Tanaquil LeClercq was exhausted. She faced a wearying transatlantic flight with the other members of New York City Ballet and feared a vaccination might further weaken her. So she decided to forgo the inoculation most of the troupe was getting, a shot of Jonas Salk's recently developed polio vaccine.
She began that 1956 tour as a principal dancer at NYCB, an inspiration to master choreographers George Balanchine (who had made her his fourth wife) and Jerome Robbins. She ended it in a wheelchair, never to walk again.
Documentary maker Nancy Buirski has told her story in "Afternoon of a Faun," now playing on PBS stations nationally in the "American Masters" series. (It premieres on Thursday at 8 p.m. on UNC-TV. It's already running on South Carolina's ETV: The next time is 4 a.m. Monday.) Here's a sample:
If Buirski's name sounds familiar, you may know her as co-founder of the DoubleTake Documentary Film Festival -- now called "Full Frame" -- in Durham. This is her fourth feature film as producer, her second as writer-director (after "The Loving Story").

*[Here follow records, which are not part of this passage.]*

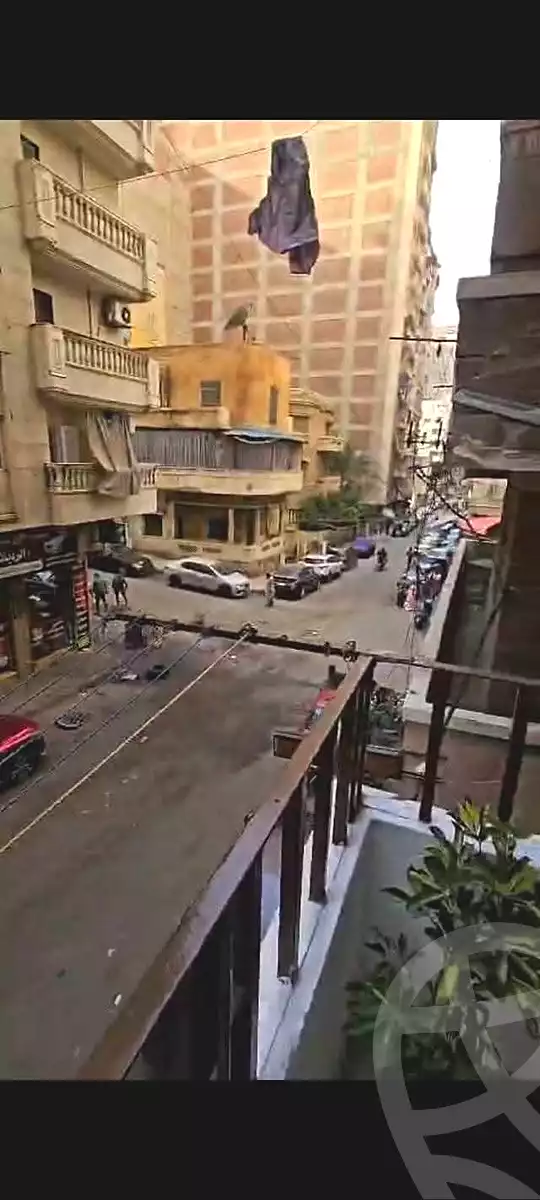 https://aqarmap.com.eg/ar/listing/6828784-for-sale-alexandria-sydy-bshr-sydy-bshr-bhry-amr-el-nogomy-st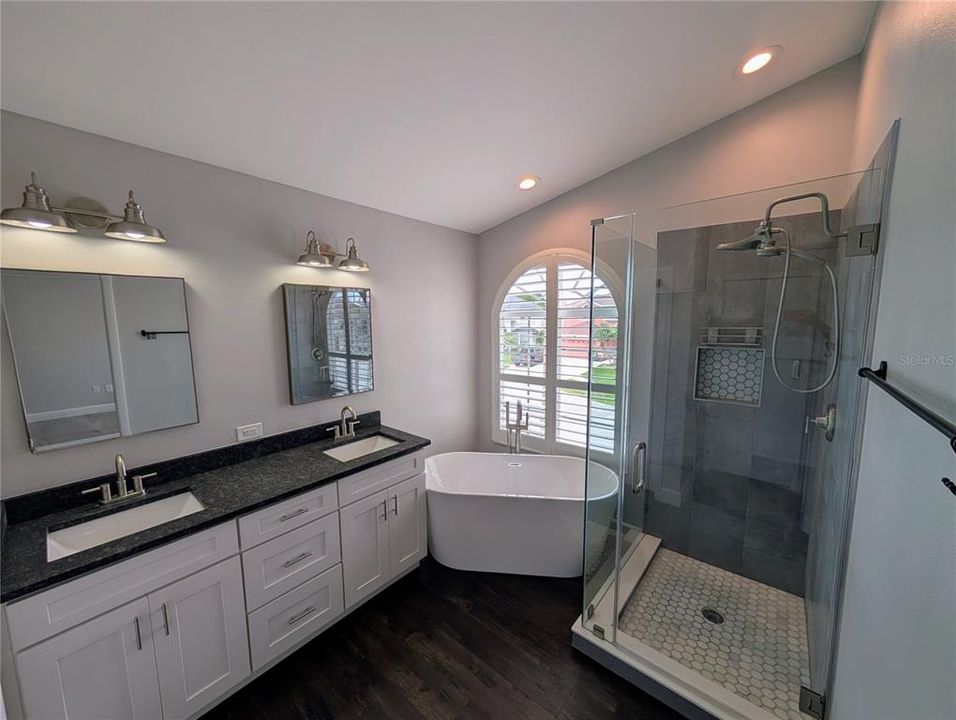 For Sale: $450,000 (3 beds, 2 baths, 1972 Square Feet)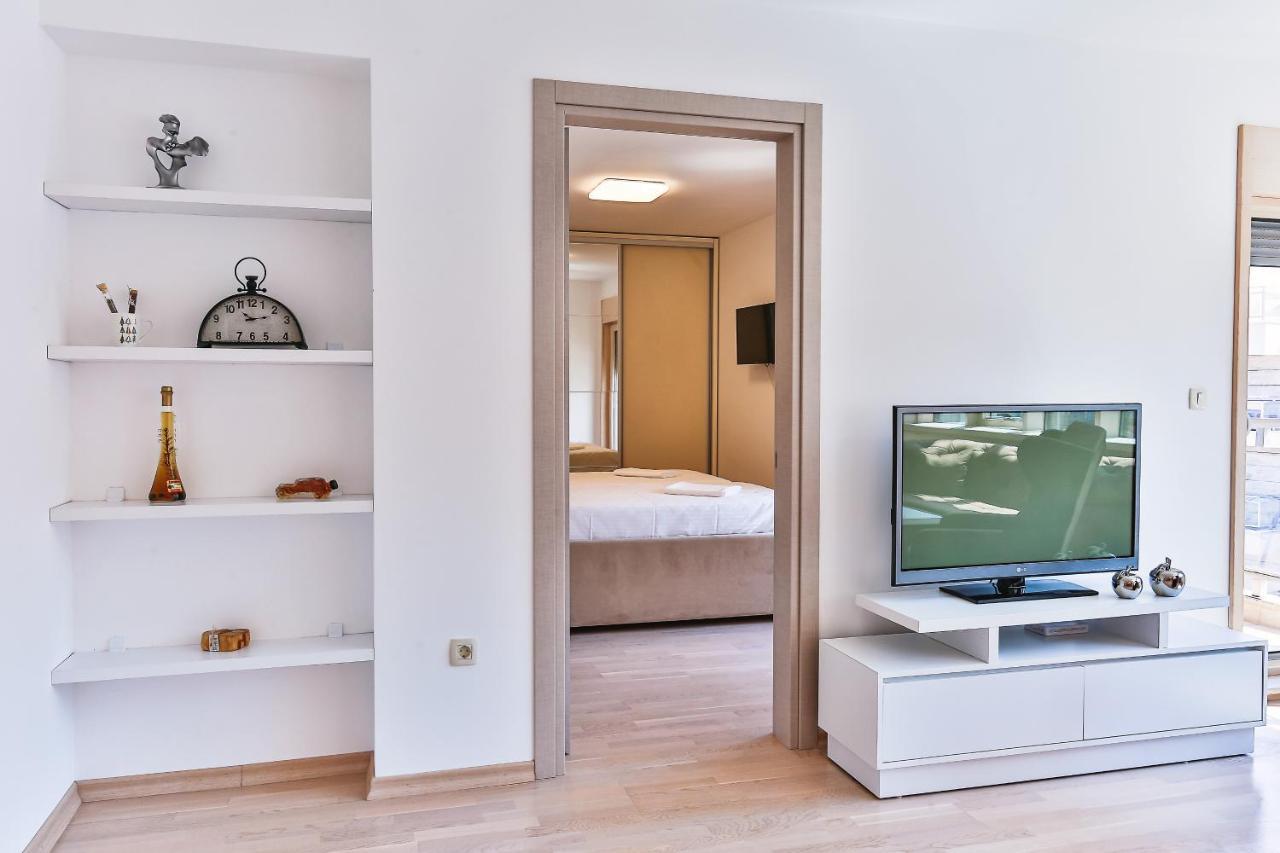 Montesun Fontana Apartments Budva Luaran gambar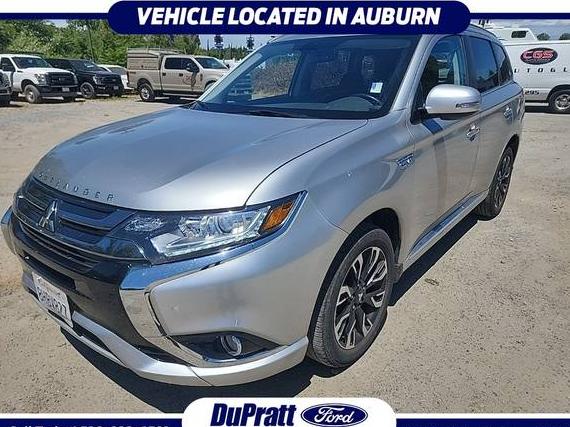 MITSUBISHI OUTLANDER 2018 JA4J24A56JZ070335 image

She has collected remarkable footage of LeClercq, and you can watch some of it at American Masters. LeClercq's swanlike neck, flexible arms and extraordinarily long legs lent themselves to comedy, drama or romance. Sometimes she was both serious and comic by turns in the same piece, as in Robbins' "The Concert." (He dropped the work when she could no longer dance it.)
The Paris-born ballerina had a rare command of styles: She could be alluring yet distant in Robbins' "Afternoon of a Faun," remain elegant in Frederick Ashton's "Illuminations" or whoop her way through dance-hall merriment in Balanchine's "Western Symphony." She even experimented with Merce Cunningham's modern work in 1949, a year after she became a charter member of NYCB.
This all came to an end before her 28th birthday. She went to bed in Copenhagen, weak and shaking, after a performance on NYCB's gruelling European tour. She awoke without the use of her legs.
Besides celebrating LeClercq's greatness, Buirski poses the question every dancer finally has to ask: What do I do when I have always defined myself by physical grace and skill, and my body no longer responds to my will?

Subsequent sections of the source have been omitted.